** WHAT TO PRODUCE **
Your job is to return every line in the data holding the string "from".

[Collection entries]
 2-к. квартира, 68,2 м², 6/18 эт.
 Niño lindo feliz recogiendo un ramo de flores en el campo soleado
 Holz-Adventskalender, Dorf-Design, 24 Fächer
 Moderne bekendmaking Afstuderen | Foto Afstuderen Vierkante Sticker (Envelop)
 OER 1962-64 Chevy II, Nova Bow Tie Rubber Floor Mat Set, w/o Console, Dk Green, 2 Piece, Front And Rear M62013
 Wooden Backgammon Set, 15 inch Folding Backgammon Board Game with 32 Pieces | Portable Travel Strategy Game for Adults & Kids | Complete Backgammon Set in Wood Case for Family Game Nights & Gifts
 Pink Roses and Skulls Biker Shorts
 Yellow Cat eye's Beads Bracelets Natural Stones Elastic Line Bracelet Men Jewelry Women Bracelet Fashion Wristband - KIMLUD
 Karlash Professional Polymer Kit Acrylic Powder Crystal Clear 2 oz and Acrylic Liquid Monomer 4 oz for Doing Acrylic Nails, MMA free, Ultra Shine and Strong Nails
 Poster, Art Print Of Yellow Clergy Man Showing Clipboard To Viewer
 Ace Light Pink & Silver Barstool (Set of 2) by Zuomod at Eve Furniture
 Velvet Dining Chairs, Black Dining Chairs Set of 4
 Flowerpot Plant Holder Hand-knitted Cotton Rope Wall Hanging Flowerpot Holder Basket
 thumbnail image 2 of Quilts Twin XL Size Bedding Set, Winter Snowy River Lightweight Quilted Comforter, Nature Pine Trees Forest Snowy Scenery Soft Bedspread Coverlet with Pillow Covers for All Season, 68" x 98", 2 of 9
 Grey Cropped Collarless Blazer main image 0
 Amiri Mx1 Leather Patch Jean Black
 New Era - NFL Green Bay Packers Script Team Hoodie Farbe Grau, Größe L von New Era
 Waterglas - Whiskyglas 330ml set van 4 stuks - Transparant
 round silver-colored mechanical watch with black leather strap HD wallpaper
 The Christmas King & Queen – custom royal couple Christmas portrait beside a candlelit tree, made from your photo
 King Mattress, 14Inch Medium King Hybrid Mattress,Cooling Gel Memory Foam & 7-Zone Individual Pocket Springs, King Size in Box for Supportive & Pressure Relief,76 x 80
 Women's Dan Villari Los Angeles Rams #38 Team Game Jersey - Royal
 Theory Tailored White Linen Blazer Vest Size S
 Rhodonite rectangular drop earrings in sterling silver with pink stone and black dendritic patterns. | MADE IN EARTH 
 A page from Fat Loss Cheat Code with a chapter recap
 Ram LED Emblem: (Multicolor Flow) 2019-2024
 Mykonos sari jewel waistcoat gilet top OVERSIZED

** RESPONSE BOX **
 The Christmas King & Queen – custom royal couple Christmas portrait beside a candlelit tree, made from your photo
 A page from Fat Loss Cheat Code with a chapter recap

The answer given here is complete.